Rosenberg Fortuna & Laitman, LLP, Garden City (Anthony R. Filosa of counsel), for appellant.
Reed Smith LLP, New York (James Faller of counsel), for respondent.
Oing, J.P., Friedman, Scarpulla, Shulman, Higgitt, JJ.
Order and judgment (one paper), Supreme Court, New York County (Francis A. Kahn III, J.), entered May 4, 2023, which granted the motion of plaintiff U.S. Rank National Association, As Trustee for Structured Asset Investment Loan Trust Series 2005-7, to confirm the Referee's report and for a judgment of foreclosure and sale, and denied nonparty The Domaine LLC’s cross-motion to vacate defendant Mansour Tabibnia’s default and to dismiss the action, unanimously affirmed, with costs.

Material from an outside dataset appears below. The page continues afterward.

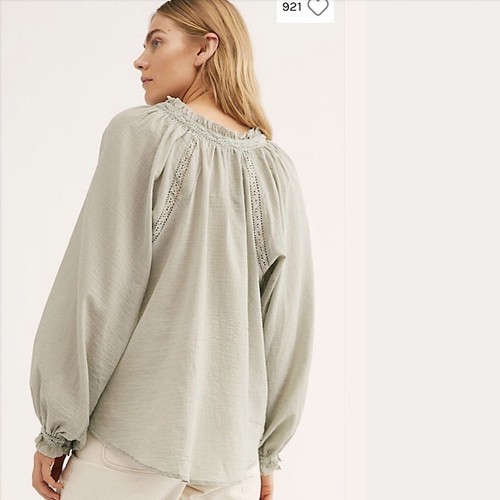 Free People Sivan Embroidered Crochet Blouse Moss Large L $128 OB900587 NWT New - Picture 2 of 3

Domaine was the assignee of the successful bidder at the foreclosure sale of the condominium’s action to foreclose on a common charge lien. Domaine purchased the subject property when U.S. Bank had an active notice of pendency; thus, Domaine’s status as the owner of the equity of redemption made it an interested party under CPLR 5015(a) (see JP Morgan Chase Bank, N.A. v. White, 182 A.D.3d 469, 470, 122 N.Y.S.3d 296 [1st Dept. 2020]). Nevertheless, Domaine’s motion to vacate and dismiss this action was properly denied as meritless.
CPLR 6501 provides that a person whose conveyance is recorded after the filing of a notice of pendency will be bound by all proceedings taken in the action subsequent to the filing to the same extent as if they were a named party to the action (see Majada Inc. v. E & A RE Capital Corp., 205 A.D.3d 648, 170 N.Y.S.3d 18 [1st Dept. 2022]; JP Morgan Chase Bank v. White, 182 A.D.3d at 470, 122 N.Y.S.3d 296). Thus, the property interest of a purchaser who took title to the property where a notice of pendency was recorded prior to entry of judgment, like Domaine, is effectively foreclosed upon entry of the judgment of foreclosure (see Citimortgage, Inc. v. Dulgeroff, 138 A.D.3d 419, 419-420, 29 N.Y.S.3d 291 [1st Dept. 2016], lv dismissed 28 N.Y.3d 1081, 44 N.Y.S.3d 375, 66 N.E.3d 1093 [2016]; HSBC Bank USA v. Minogue, 202 A.D.3d 662, 158 N.Y.S.3d 607 [2d Dept. 2022]).
Further, Domaine lacks standing to challenge the service made upon defendant Tabibnia "since such a claim is personal in nature and may only be raised by the party allegedly improperly served" (U.S. Bank N.A. v. Gotterup, 203 A.D.3d 982, 983, 161 N.Y.S.3d 837 [2d Dept. 2022]; see also JPMC Specialty Mtge. LLC v. Espada, 143 A.D.3d 611, 611, 40 N.Y.S.3d 70 [1st Dept. 2016]). In any event, the de- fense is unavailing considering the proper affidavits of service.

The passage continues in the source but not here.